## TASK
A verbatim copy is needed of the lines below from the one containing "Sewing idea |" up to and including the one containing "Grassi di Lecco", excluding pictures.

## DATA TO PROCESS
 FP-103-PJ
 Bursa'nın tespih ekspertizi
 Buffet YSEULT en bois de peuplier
---
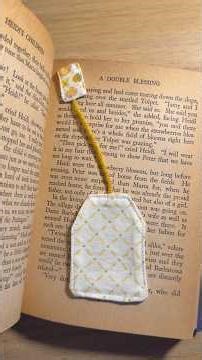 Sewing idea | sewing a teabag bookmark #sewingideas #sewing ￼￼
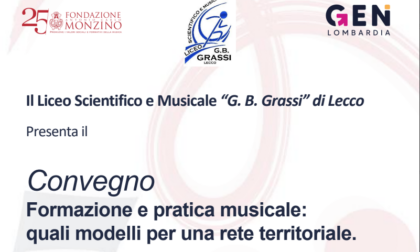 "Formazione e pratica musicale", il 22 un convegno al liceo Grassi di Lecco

## WRITTEN SOLUTION
 Sewing idea | sewing a teabag bookmark #sewingideas #sewing 
 "Formazione e pratica musicale", il 22 un convegno al liceo Grassi di Lecco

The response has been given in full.